En observant les trois grandes zones ayant testé ces politiques accommodantes, la première évidence ne fait qu’apporter de l’eau au moulin de leurs détracteurs : que ce soit au Japon, en Europe ou aux Etats-Unis, ces stratégies innovantes ont réussi à augmenter la masse monétaire mais la vélocité(3) de la monnaie a tant baissé – contre toute attente – que l’impact sur les prix a été l’inverse de celui escompté. A contrario, en regardant les valorisations des entreprises américaines, on peut supputer que Dow Jones et Standard and Poor’s auront bien profité de ces liquidités abondantes. Dans quelle proportion ? Ou, pour poser la question autrement : « Que vaudraient les marchés sans l’aide de la Fed ? »

Une manière de répondre serait – comme l’ont fait récemment deux économistes de la Fed(4) – de calculer simplement quelle aurait été la performance des marchés américains en remplaçant la performance des journées de meeting de la Fed par une performance moyenne de la période. La conclusion est étonnante : jusqu’en 1985, un marché avec ou sans Fed meeting aurait connu la même performance. A l’inverse, depuis cette date, un marché où l’on aurait remplacé des performances des journées de Fed meeting par des performances moyennes serait aujourd’hui sur des niveaux moins élevés de 25%. Les mots des banquiers centraux ont donc eu un effet indiscutable sur les multiples boursiers : « Au commencement était le Verbe »… A l’arrivée aussi !

Un découpage plus fin de la période d’observation révèle ensuite que l’effet le plus marqué correspond à la période 2008-2012. C’est assez logique : à l’effet de surprise de 2008 succéda un effet de taille tant ces politiques furent massives. Depuis 2012 en revanche, l’effet s’amenuise nettement, traduisant sans doute l’érosion propre à l’habitude et l’usure d’intervenants qui ont désormais besoin de stimuli de plus en plus rapprochés pour réagir.

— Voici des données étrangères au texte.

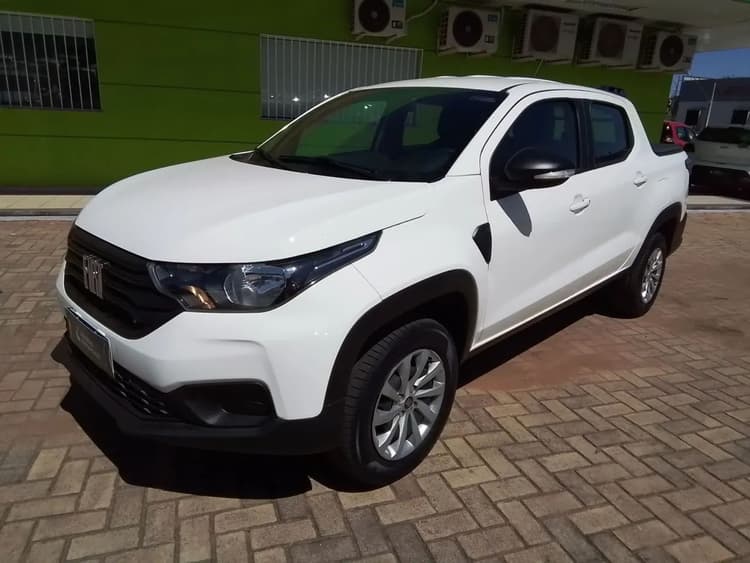 Fiat Strada Freedom 1.3 Flex 8V CD 2026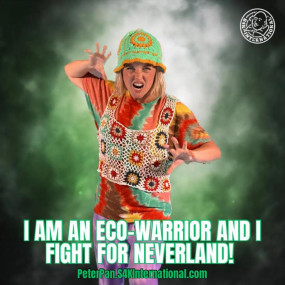 Photo from عرض بيتر بان في القاعة الثقافة في البحرين in المنامة: Gallery Photo 3jkp1r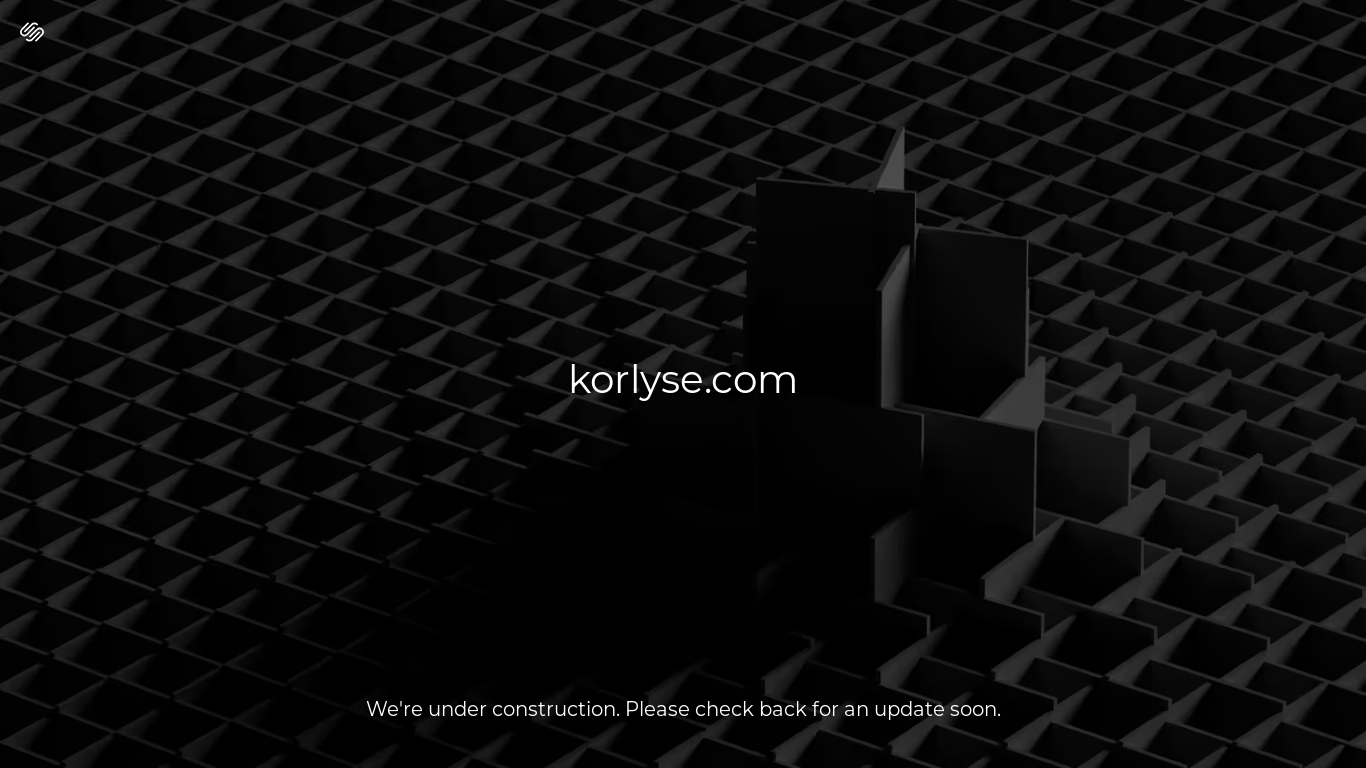 website screenshot of https://korlyse.com/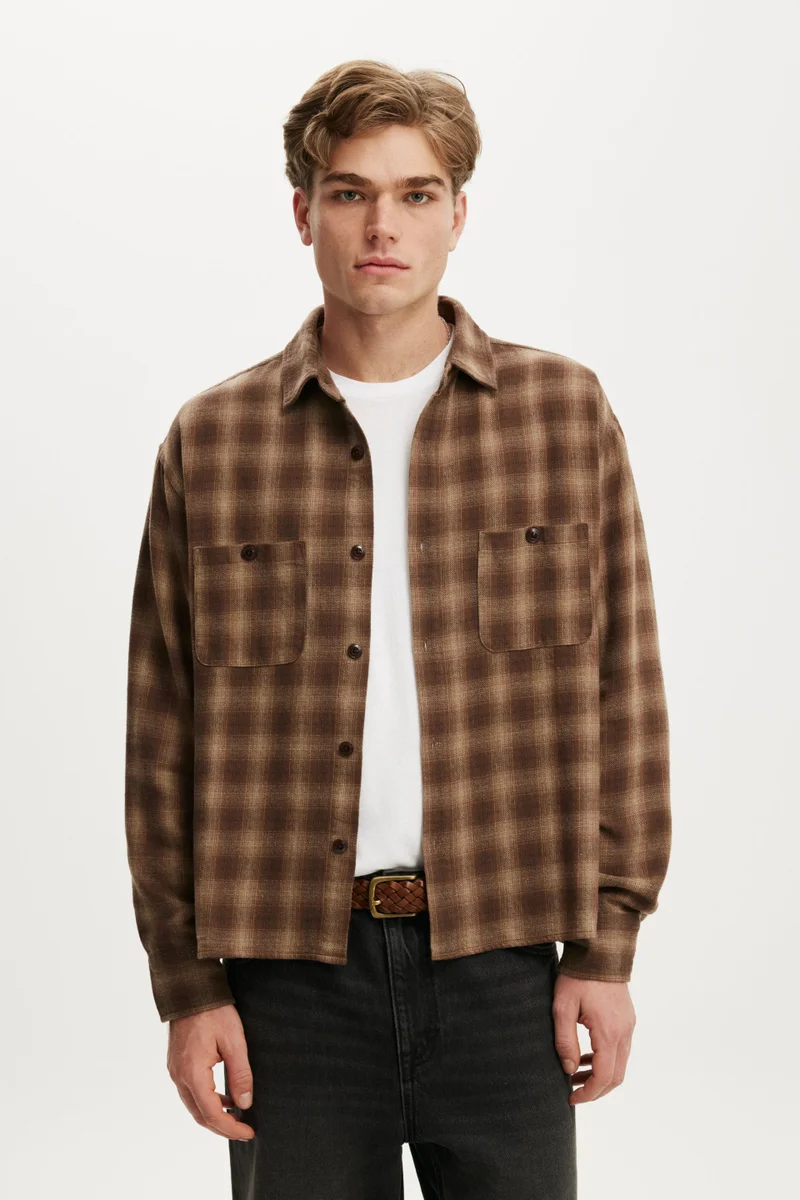 Richmond Long Sleeve Shirt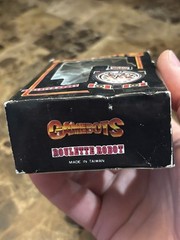 GAMEBOTS Roulette Wheel Robot 1980s Vintage Transformers Space Toy Damaged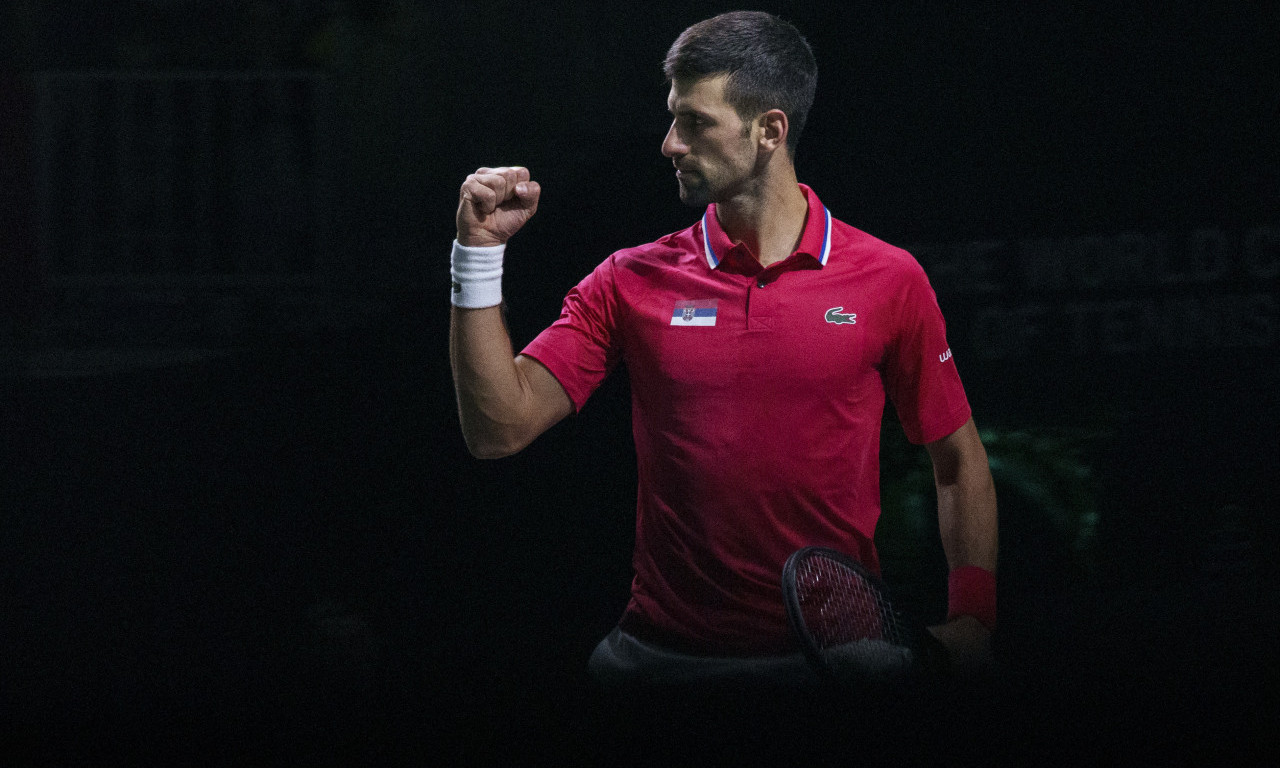 REKORDI SE SAMO NIŽU! Novak Đoković nastavlja DOMINACIJU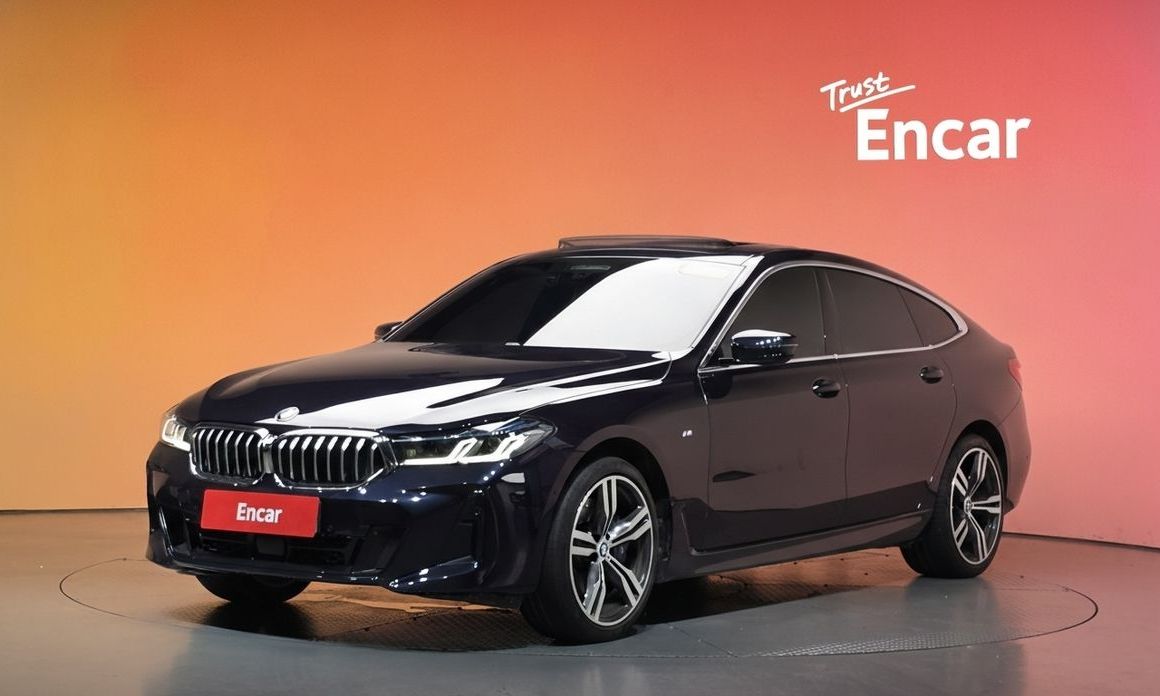 BMW Gran Turismo 2023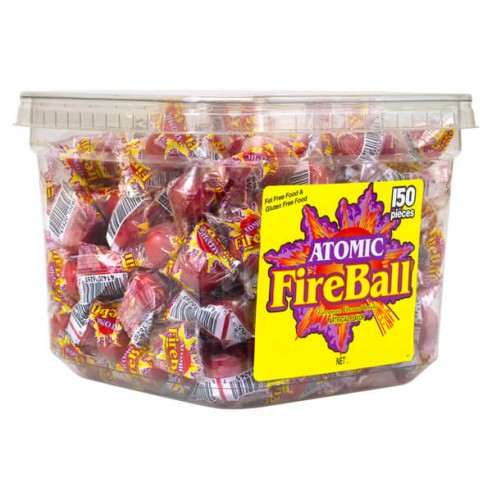 Atomic Fireballs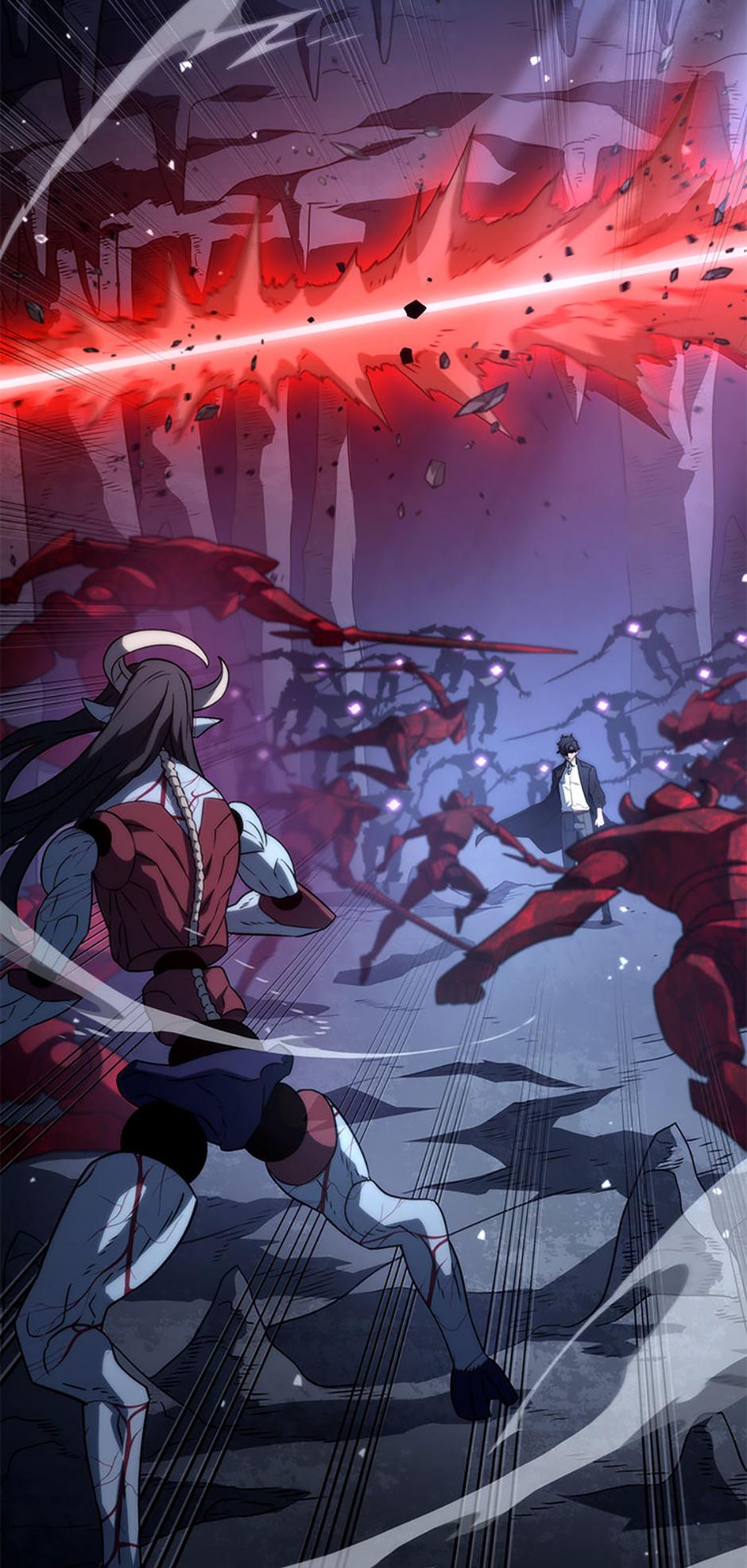 Revenge of the Baskerville Bloodhound Chapter 71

Pour nous, investisseurs, cette usure est un indice supplémentaire pour aiguiser notre paranoïa à propos des grands gagnants des politiques de QE, les fameux « beaux modèles de croissance bien valorisés ». Concomitamment, c’est aussi une incitation à nous ré-intéresser à quelques dossiers mal-aimés, à ces « oubliés » des politiques des banques centrales, en un mot à réentendre l’appel du « call value » cher à nos amis anglo-saxons.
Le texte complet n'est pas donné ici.